Each line from the one that holds "Tricou pentru montaniarzi" to the end of the records is to be retyped exactly. Pictures are not part of the copy.

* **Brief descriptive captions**
============

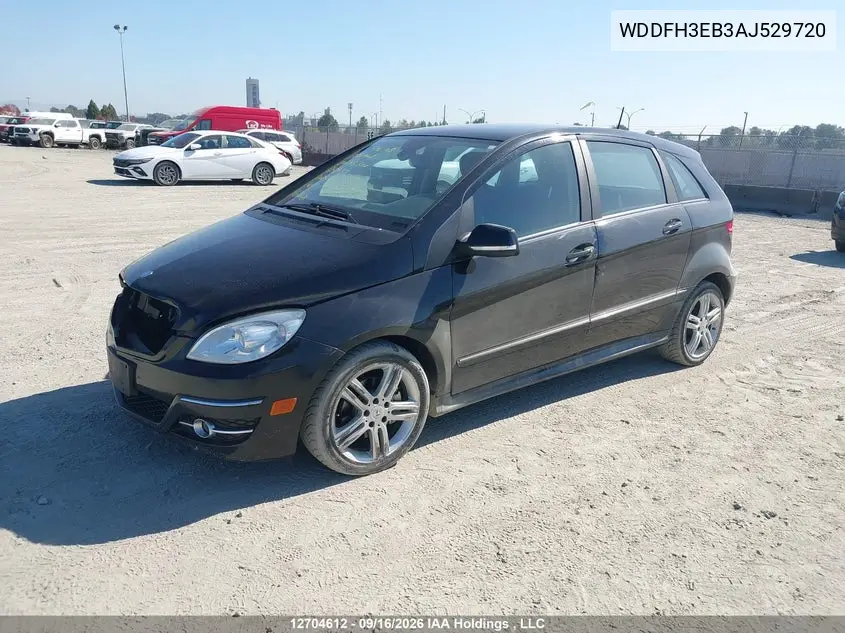 2010 MERCEDES B-KLASSE VIN WDDFH3EB3AJ529720 — фото 2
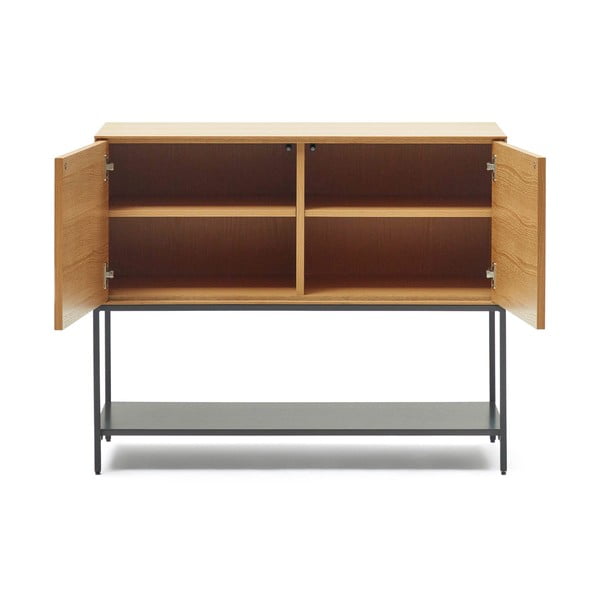 Niska komoda u dekoru hrasta u prirodnoj boji 97,5x80 cm Vedrana – Kave Home-image-2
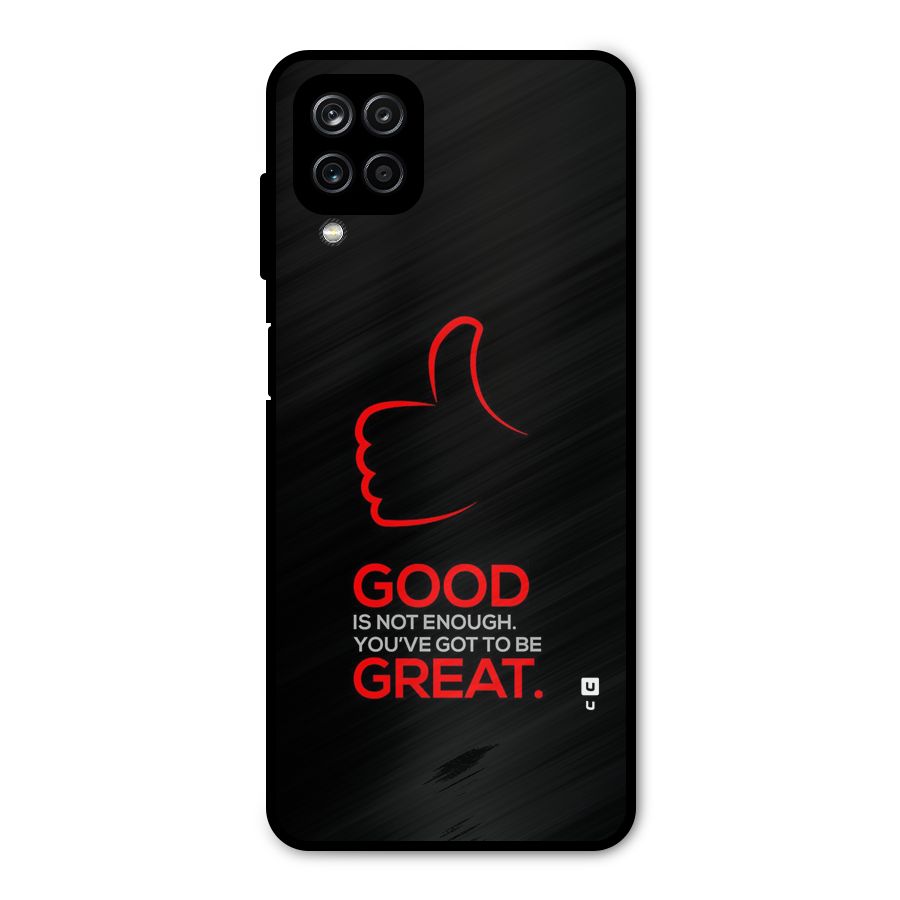 Good Great Metal Back Case for Galaxy A12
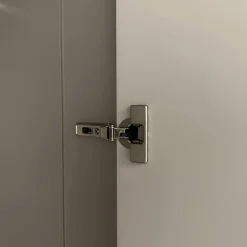 Interlübke Kleiderschränke|Kleiderschrank Collect Mattlack Außen M08 Greige Innen M23 Muschel Grau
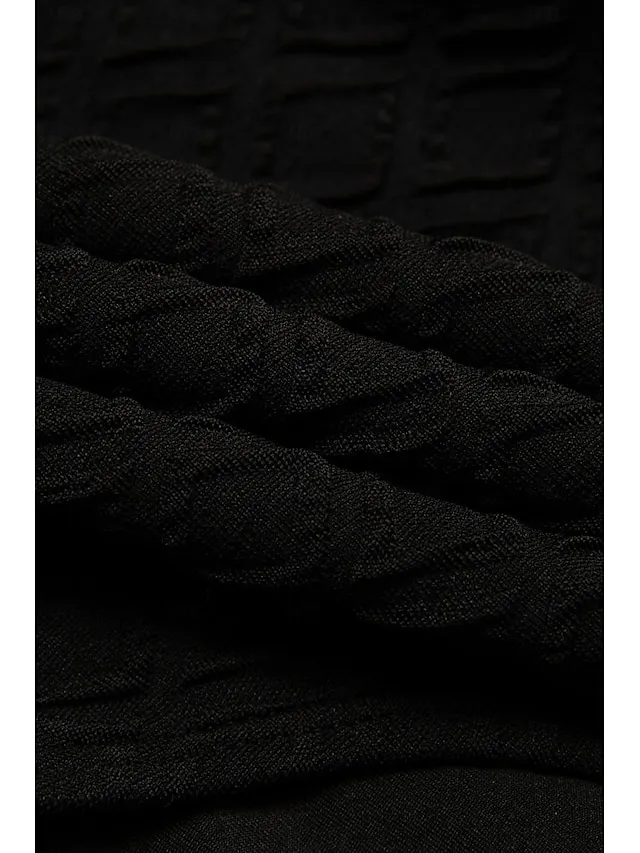 Triangle V Neck Drawstring Swimsuit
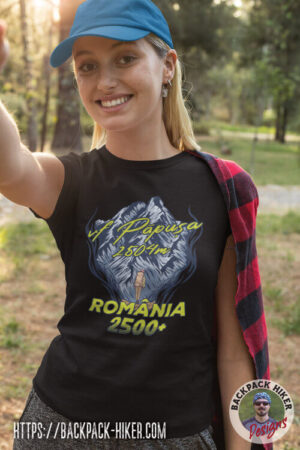Tricou pentru montaniarzi - Păpușa - Man vs mountain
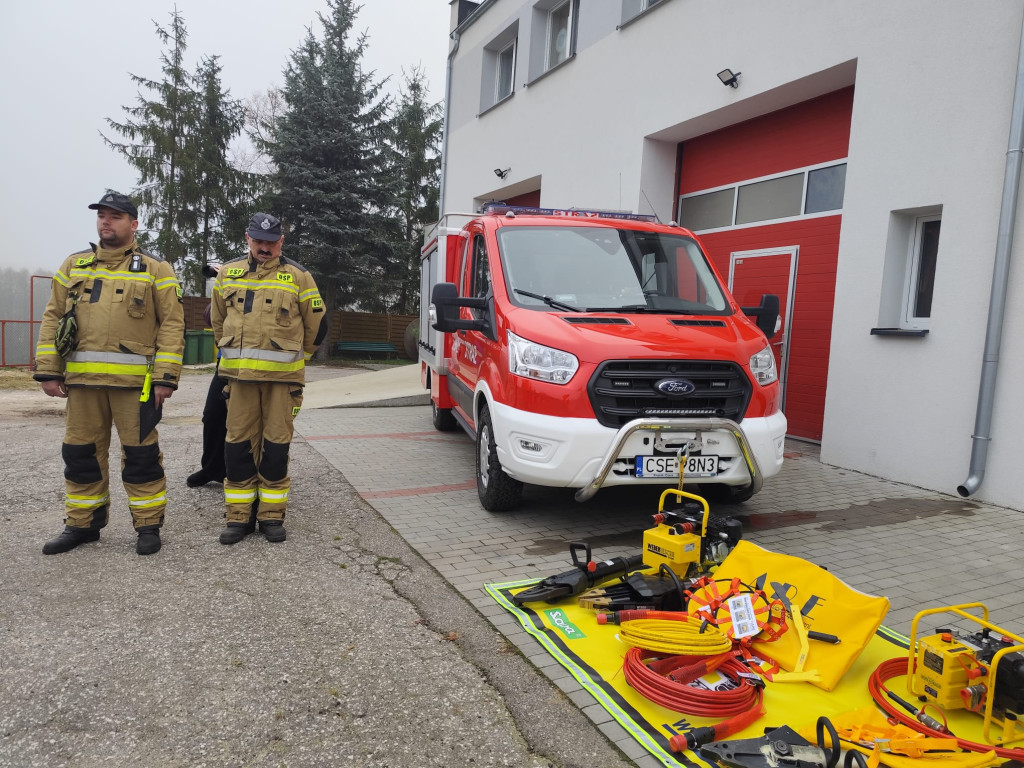 Narzędzia hydrauliczne dla OSP Kamień Krajeński i OSP Orzełek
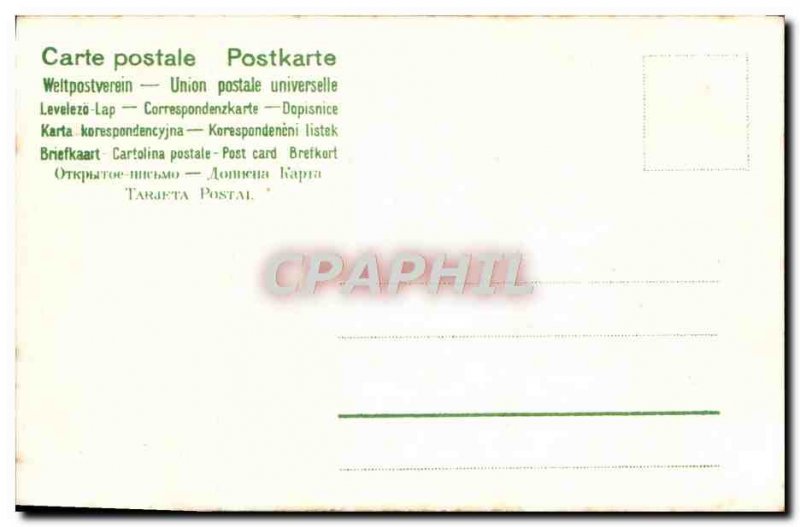 Old Postcard Fancy Flower Angel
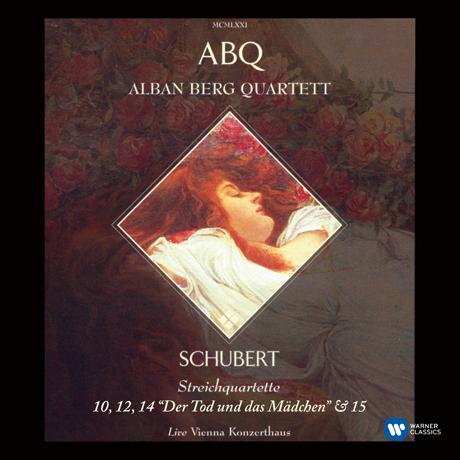 STRING QUARTETS NOS.10,12,14/ ALBAN BERG QUARTETT [ORIGINAL JACKET] [슈베르트: 현악 사중주 <죽음과 소녀>실황]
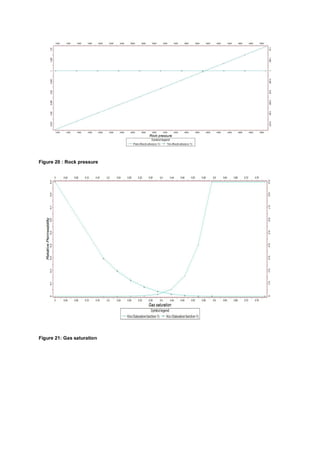 Figure 20 : Rock pressure
Figure 21: Gas saturation
 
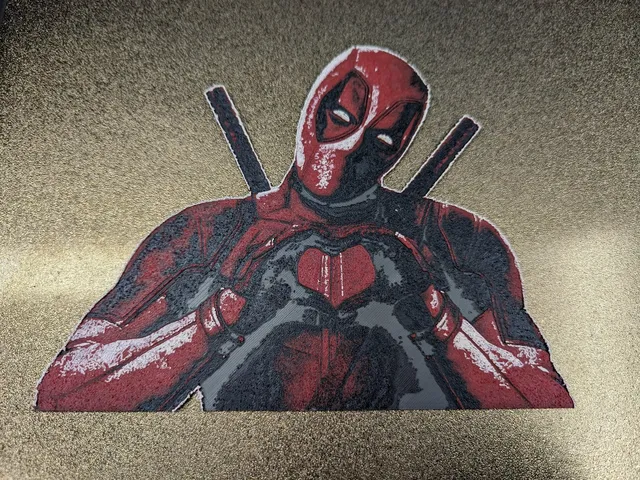 HueForge: DeadPool Love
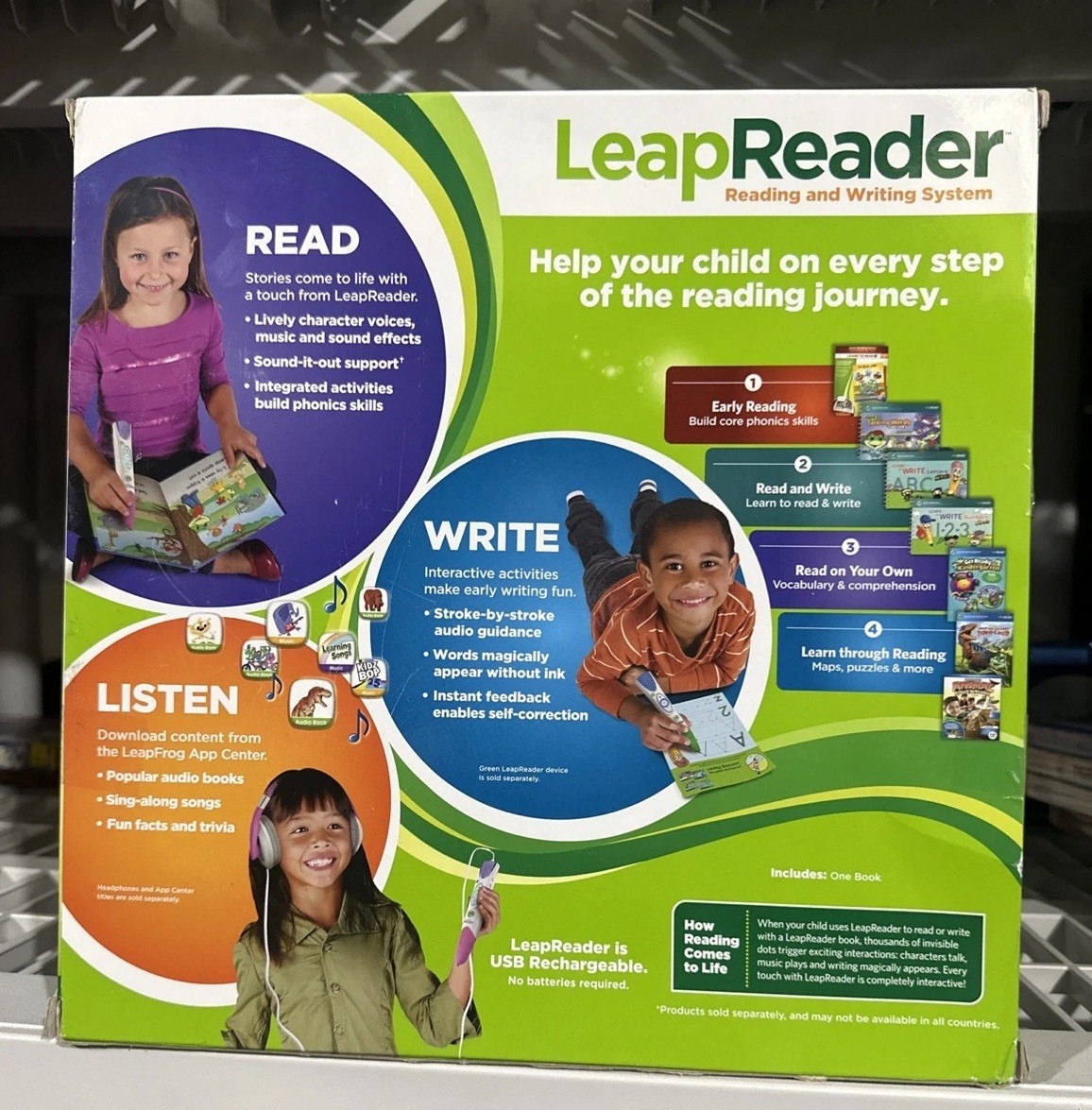 LeapFrog LeapReader Reading and Writing System Pink 4 to 8 Years Old Open Box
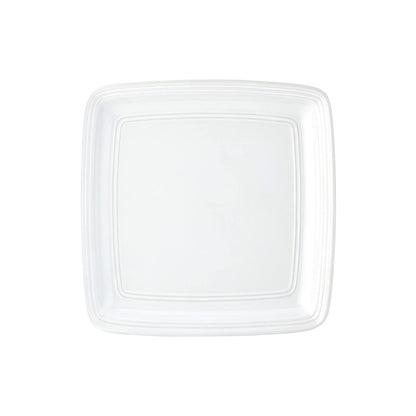 White square plate on a white background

============

* **Answer to this problem**
Tricou pentru montaniarzi - Păpușa - Man vs mountain
 Narzędzia hydrauliczne dla OSP Kamień Krajeński i OSP Orzełek
 Old Postcard Fancy Flower Angel
 STRING QUARTETS NOS.10,12,14/ ALBAN BERG QUARTETT [ORIGINAL JACKET] [슈베르트: 현악 사중주 <죽음과 소녀>실황]
 Figure 20 : Rock pressure
Figure 21: Gas saturation
 
 HueForge: DeadPool Love
 LeapFrog LeapReader Reading and Writing System Pink 4 to 8 Years Old Open Box
 White square plate on a white background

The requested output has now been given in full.